Я держал шею прямо. Держал её прямо ещё с зала.

Раунд первый. Просто транспортировка. Дыши через нос. Не зажимайся. Будь готов.


Фургон остановился. Под колёсами гравий, потом двигатель заглох, потом снаружи голоса — двое, может, трое, слова слишком тихие, не разобрать. Задние двери распахнулись, и свет ударил, как джеб в оба глаза.

Я встал раньше, чем приказали. Тяжёлый ждал, пока внутрь не протянулась рука и не выдернула его за ошейник. Молодым пришлось приказывать дважды.

Снаружи — плоская земля, выжженная солнцем, тянулась к гряде холмов, словно прочерченных по линейке. Большой двор утрамбованной земли, в центре столб — толстый дуб, у основания обугленный, с железными кольцами на трёх высотах. Слева ряд низких построек, бетон и жестяная крыша. Справа здание побольше, с крыльцом и настоящим стеклом в окнах. За постройками виднелись поля до самого забора по границе участка, где мелкие фигуры двигались в цепях, волоча груз, которого я с такого расстояния не разобрал.

Я составлял опись — так тренер Ленни заставлял меня описывать ринг перед боем. Выходы: одни ворота позади, гравийка уходит на север. Одна грунтовка между постройками, на восток, в открытую степь. Забор: по грудь, из расщеплённых жердей, с трёх сторон — спринт не остановит. Но за забором — ничего. Ни города, ни домов, ни дороги. Только плоская бурая степь и небо.

Мужик у фургона — обрезанные парусиновые штаны в пятнах, без рубашки, плеть на поясе волочилась по земле, когда он шёл. На нём был ошейник. Раб с плетью. Шрамы на груди выглядели нанесёнными нарочно. Кто-то не пожалел времени. Он ткнул пальцем в землю перед собой и стал ждать. Тяжёлый, шаркая, подошёл. Конторские шаркали следом. Двое молодых шли вместе, так близко, что касались плечами.

Я подошёл последним. Держал вес на подушечках стоп, плечи развёрнутыми.

Раб с плетью пересчитал нас, идя вдоль шеренги. Дойдя до меня, остановился. Взгляд упал на руки. На обмотанные костяшки. На мозоли по первым двум пястным — их не разгладили даже три дня стяжек. Он посмотрел на мою стойку. Увидел ступни.

Увидел бойца.

Что-то сдвинулось в его глазах — так меняется лицо секунданта, когда выход чужого парня выглядит неправильно. Слишком быстрый, слишком наклонённый, слишком готовый. Раб с плетью ничего не сказал. Вписал «473» в планшет и пошёл дальше.

Обработка

Стяжки нам срезали в комнате, где пахло хлоркой и железом. По четверо, вдоль стены, на бетонном полу с дренажными канавками. Раб с плетью и ещё один надсмотрщик работали по шеренге: раздеть, осмотреть, пометить.
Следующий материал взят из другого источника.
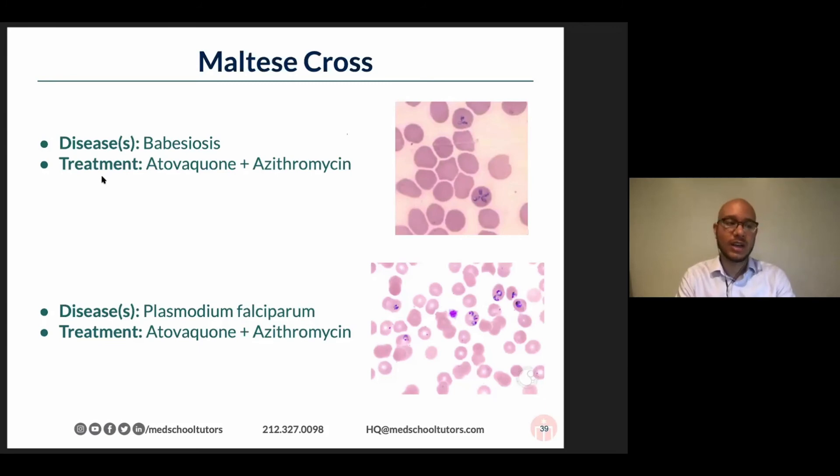You can try to treat the hypnozoites with Primaquine. But the treatment is sort of complicated — you can use a variety of different agents based on resistance patterns and the particular organism.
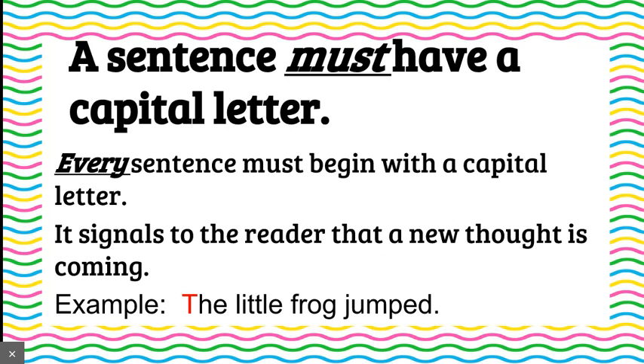What else does a sentence need? It must have a capital letter. Every sentence must begin with a capital letter. It signals to the reader that a new thought is coming. In our example, the T in the little frog jumped is capitalized because it is the beginning of a new sentence. It tells the reader, hey, this is new, pay attention, it's a new thought. I still see in fourth grade kids that do not follow this rule. This is a very, very important rule.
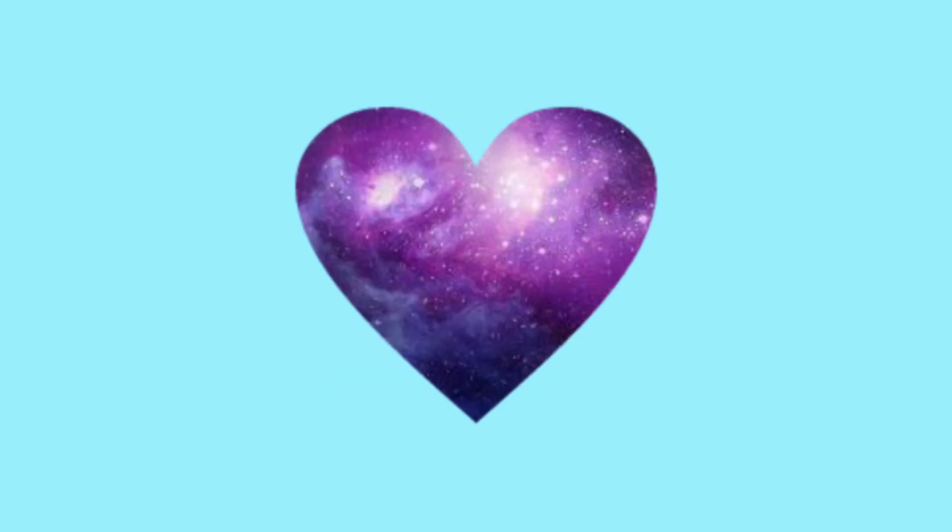What is this shape? I bet you know this one. You're doing great. Tell me the shape. This is a heart. Hearts are for love.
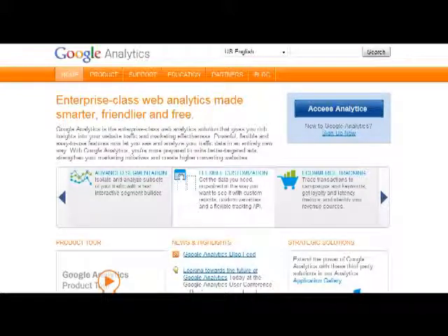All you need to sign up is basically have a Google account, whether you have a Google email or something like that. That's all you need to sign up for this service. It's completely 100% free.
Раздеть — значило раздеть. Снимать было нечего: одежду забрали при приговоре и ничего не дали взамен. Три дня голым в камере при суде, три дня голым в фургоне.

Голыми мы пробыли три дня, но дренажная комната сделала наготу новой. В камере при суде было темно и тесно, и нагота была общей — все голые, никто не смотрит. Здесь надсмотрщики в шортах и ботинках, и люминесцентный свет бил по каждому телу сверху, не оставляя тени, в которой спрятаться.

Здоровяк стоял ссутулившись, руки по швам, ему уже было всё равно. Конторские прикрывались — один сложил обе ладони на члене, другой отвернулся к стене. Один плакал беззвучно, только мокрые щёки и дрожащие плечи, член скукожился, поджался к лобку, словно пытался исчезнуть.

Двое молодых — братья, решил я, одна линия челюсти, одни и те же испуганные глаза — стояли вплотную, руки соприкасались. Старший что-то прошептал, а младший смотрел на сток в полу и не отвечал.

Я стоял лицом вперёд. Следил за рабом с плетью так же, как следил за рефери — отслеживая руки, глаза, распределение веса.

Я бывал голым в комнатах, полных мужиков. Раздевалки, взвешивания, армейский душ. Но в раздевалке голые все. Здесь двое с плетями в шортах. В этом разрыве вся суть.

Нас окатили из шланга. Холодная вода, жёсткая струя. Напор смыл с кожи дорогу, фургон, суд и оставил взамен резкое, чистое жжение прибытия. Тело приняло холод так, как принимало ледяную ванну после спарринга. Лёгкие схватило. Мышцы свело. Отпустило. Конторские хватали ртом воздух и жались. Здоровяк стоял с открытым ртом и закрытыми глазами и дал воде стечь, как дождю по стене.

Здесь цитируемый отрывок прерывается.